The Purpose Detection engine should determine the set of active purposes that match closely with the user's intent. A reliable mechanism to specify this intent is to ask the user to communicate with MUPPET explicitly via a graphical user interface. MUPPET also provides various implicit mechanisms. Context-aware rules can be defined to activate purposes depending on location, time and other sensor inputs. Authorization-based techniques allow purpose to be granted like a capability to a service provider.

Progress

We have implemented a version of MUPPET targeted for Pocket PCs. We have tested it on various versions of HP iPAQs including the HW6515A model running Microsoft Windows Mobile 2003. The prototype uses the embedded database SQL Server CE to store user data as well as the policies and metadata used in MUPPET. To validate our design, the MUPPET prototype has been integrated with a coupon personalization application for two different service providers in an experimental retail kiosk setting.

Research Funding

This work is funded by Hewlett-Packard Laboratories.

References:

[1] M. Langheinrich. A privacy awareness system for ubiquitous computing environments. In Proceedings of the 4th international conference on Ubiquitous Computing, pp. 237--245, London, UK, 2002.

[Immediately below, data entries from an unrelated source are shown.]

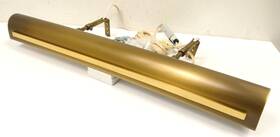 Ts24-ab House Of Troy Ts24-ab/pb 24 Inch Traditional Picture Light Ant Brass With Pb Accent Bar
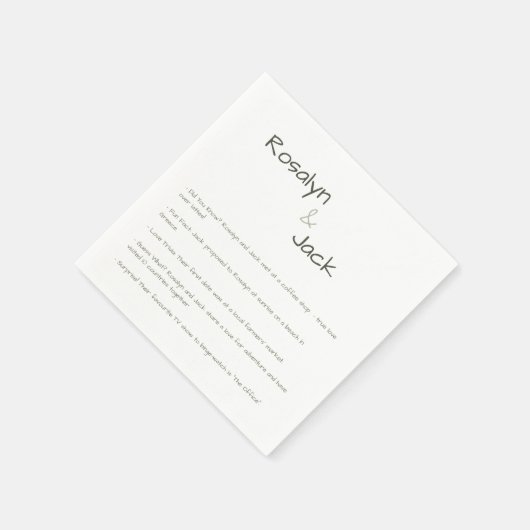 Stoffig Groen Casual Handschrift Leuke Feiten Serv Servet (Hoek)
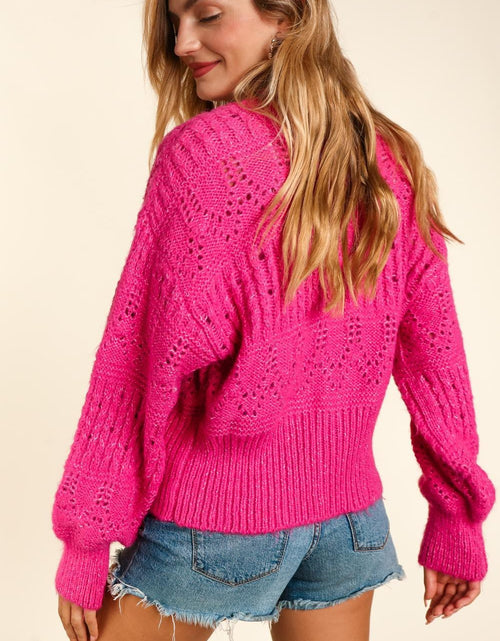 Load image into Gallery viewer, Haptics Full Size Button Down Crop Long Sleeve Cardigan
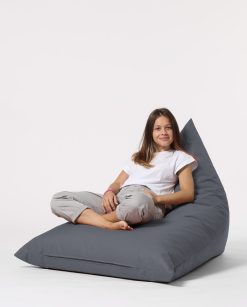 Garden Bean Bag – Pouf Pyramid Big Bed – Fume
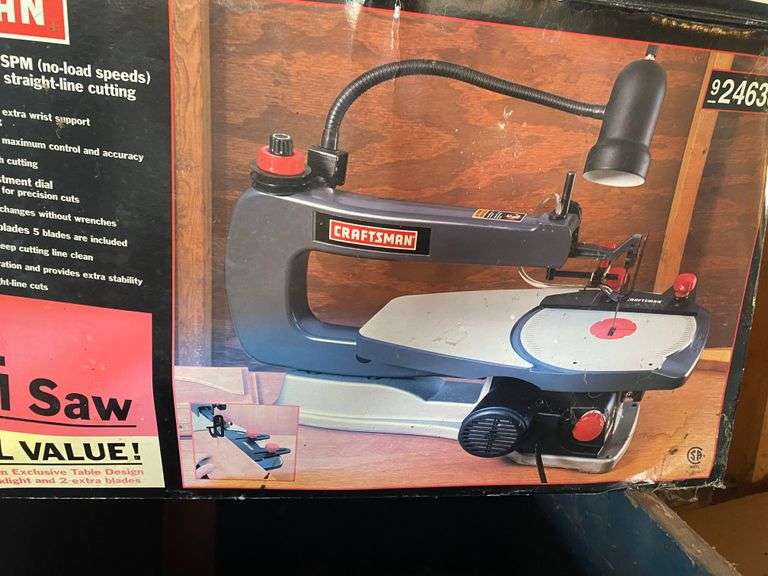 Craftsman Scroll Saw Hoosier Auction Group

[2]J. I.-A. Hong. An architecture for privacy-sensitive ubiquitous computing. PhD Thesis, University of California at Berkeley, Computer Science Division, 2005.

[3] R. Agrawal, J. Kiernan, R. Srikant, and Y. Xu. Hippocratic databases. In Proceedings of the 28th International Conference on Very Large Databases, Hong Kong, China, August 2002.

[4] J.-W. Byun, E. Bertino, and N. Li. Purpose based access control of complex data for privacy protection. In SACMAT, 2005, pp. 102–110.